#### YOUR GOAL:
In the entries below, repeat only the lines between those holding "Shoalhaven Gully alkotó: Harden" and "Long-nosed Leopard Lizard", inclusive. Leave pictures out.

#### RECORDS SUPPLIED:
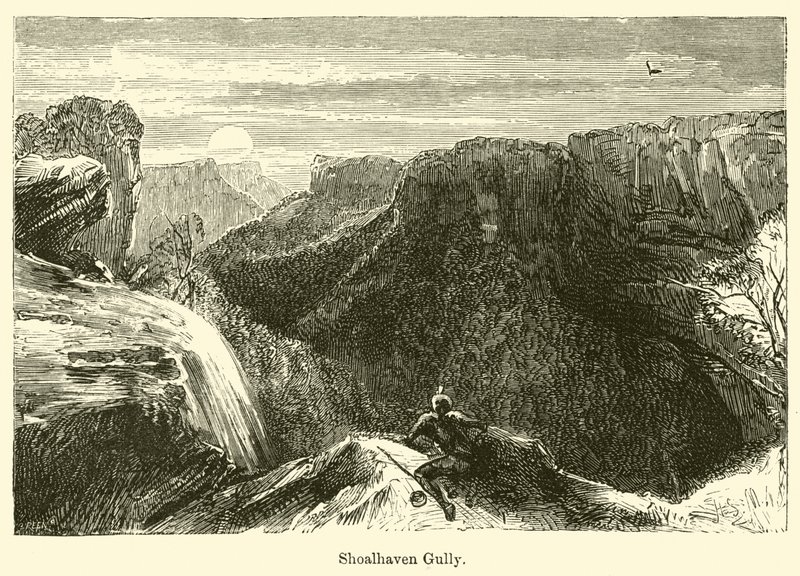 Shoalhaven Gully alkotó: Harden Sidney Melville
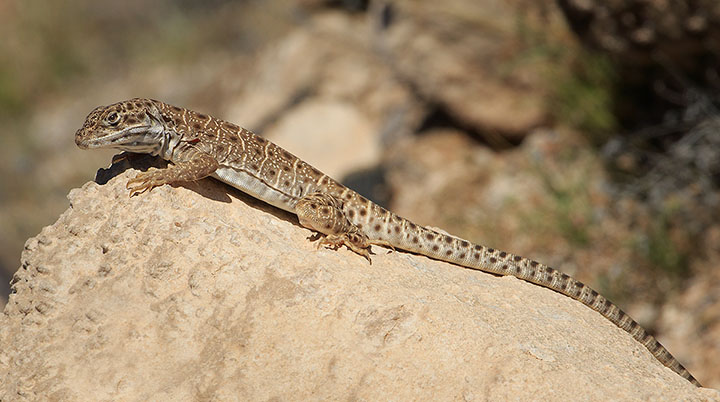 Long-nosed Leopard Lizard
==
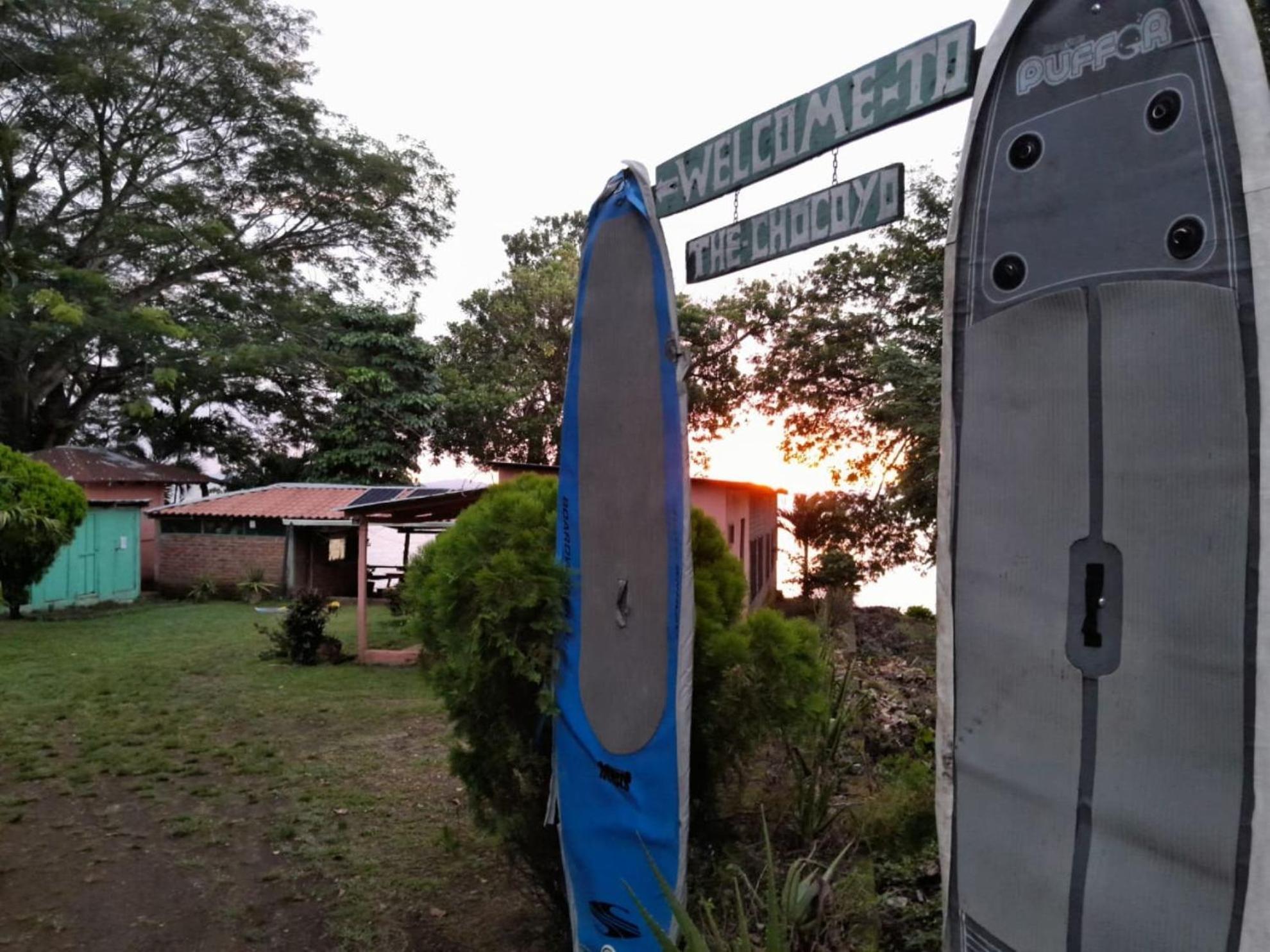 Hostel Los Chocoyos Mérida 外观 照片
--
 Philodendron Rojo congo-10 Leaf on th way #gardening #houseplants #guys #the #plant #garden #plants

#### REPLY TO THE EXERCISE:
 Shoalhaven Gully alkotó: Harden Sidney Melville
 Long-nosed Leopard Lizard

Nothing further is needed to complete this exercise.